# Generate Vector Search Index

In [None]:
# If running on a local IDE
from databricks.connect import DatabricksSession

spark = DatabricksSession.builder.remote(serverless=True).getOrCreate()

In [None]:
# Set variables
CATALOG = "users"  # TODO: your catalog name
SCHEMA = "david_huang"  # TODO: your schema name
MERCHANT_TABLE = "ner_demo_merchant_entities"  # TODO: your merchant date
VS_ENDPOINT = "one-env-shared-endpoint-0"  # TODO: your VS endpoint
VS_INDEX = "ner_demo_merchant_index"  # TODO: your VS index name

In [None]:
# Ensure we are using the correct catalog and schema
assert CATALOG and SCHEMA, "Please set CATALOG and SCHEMA"
spark.sql(f"USE CATALOG {CATALOG}")
spark.sql(f"USE SCHEMA {SCHEMA}")

# Peek at the merchant entities table
display(spark.sql(f"SELECT * FROM {CATALOG}.{SCHEMA}.{MERCHANT_TABLE} LIMIT 5"))
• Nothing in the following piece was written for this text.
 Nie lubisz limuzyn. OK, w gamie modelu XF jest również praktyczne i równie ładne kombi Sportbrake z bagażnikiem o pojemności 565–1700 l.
## Create Vector Search index (delta sync)

In [None]:
# Enable Change Data Feed (CDF) on the source Delta table
table_fqn = f"{CATALOG}.{SCHEMA}.{MERCHANT_TABLE}"
spark.sql(
    f"ALTER TABLE {CATALOG}.{SCHEMA}.{MERCHANT_TABLE} SET TBLPROPERTIES (delta.enableChangeDataFeed = true)"
)
print(f"Enabled CDF on {table_fqn}")

# Verify property
display(
    spark.sql(
        f"SHOW TBLPROPERTIES {CATALOG}.{SCHEMA}.{MERCHANT_TABLE}('delta.enableChangeDataFeed')"
    )
)

In [None]:
# Create a Vector Search index that auto-embeds `merchant_name`
from databricks.vector_search.client import VectorSearchClient

assert VS_INDEX and VS_INDEX != "None", "Please set VS_INDEX to your desired index name"

index_name = f"{CATALOG}.{SCHEMA}.{VS_INDEX}"
source_table = f"{CATALOG}.{SCHEMA}.{MERCHANT_TABLE}"

vsc = VectorSearchClient(
    personal_access_token=dbutils.secrets.get(scope="dhuang", key="databricks-token")
)

# Choose an embedding model endpoint available in your workspace.
EMBEDDING_MODEL_ENDPOINT = "databricks-gte-large-en"
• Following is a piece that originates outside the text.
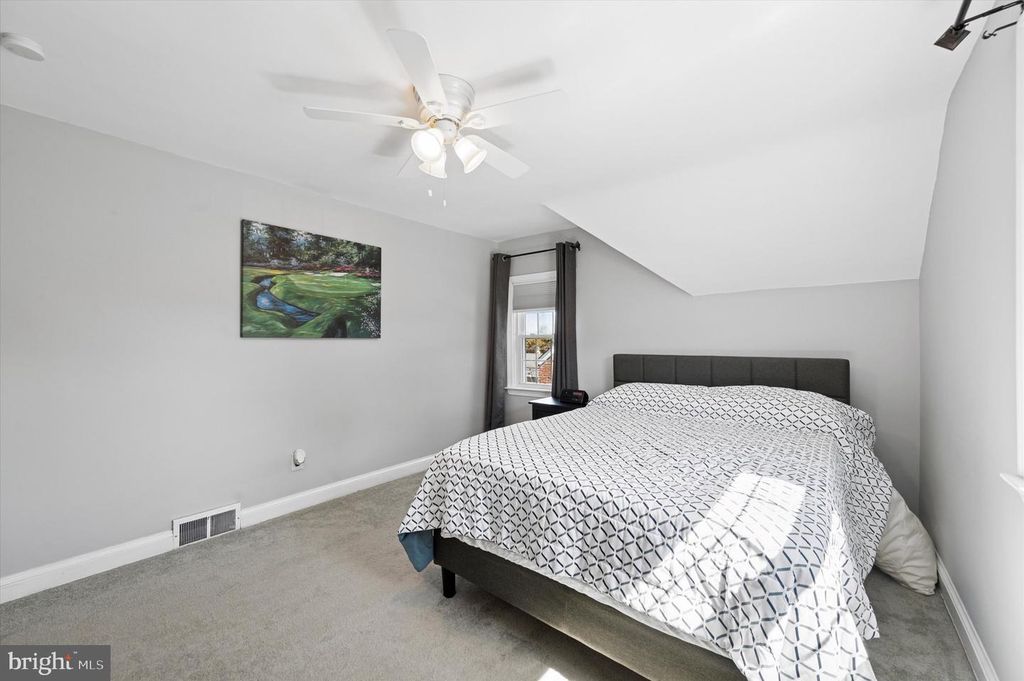 313 EDGEMORE RD, Secane, PA 19018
# Create the index if it does not exist
try:
    vsc.create_delta_sync_index(
        endpoint_name=VS_ENDPOINT,
        index_name=index_name,
        source_table_name=source_table,
        pipeline_type="TRIGGERED",  # manual syncs; change to CONTINUOUS if desired
        primary_key="entity_id",
        embedding_source_column="merchant_name",
        embedding_model_endpoint_name=EMBEDDING_MODEL_ENDPOINT,
    )
    print(f"Created Vector Search index: {index_name}")
except Exception as e:
    msg = str(e).lower()
    if "already exists" in msg or "resource_already_exists" in msg or "409" in msg:
        print(f"Index already exists: {index_name}")
    else:
        raise

In [None]:
# Fetch handle to the index
idx = vsc.get_index(endpoint_name=VS_ENDPOINT, index_name=index_name)
display(idx.describe())

## Sync index

In [None]:
# Trigger a sync to ingest data and generate embeddings
sync_info = idx.sync()
print("Triggered sync:", sync_info)

# Optional: Poll for completion (simple loop)
import time

for _ in range(60):  # up to ~5 minutes
    status = idx.describe()
    state = status.get("status", {}).get("detailed_state") or status.get("status")
    print("Index state:", state)
    if isinstance(state, str) and ("ONLINE" in state or "READY" in state):
        break
    time.sleep(5)

display(idx.describe())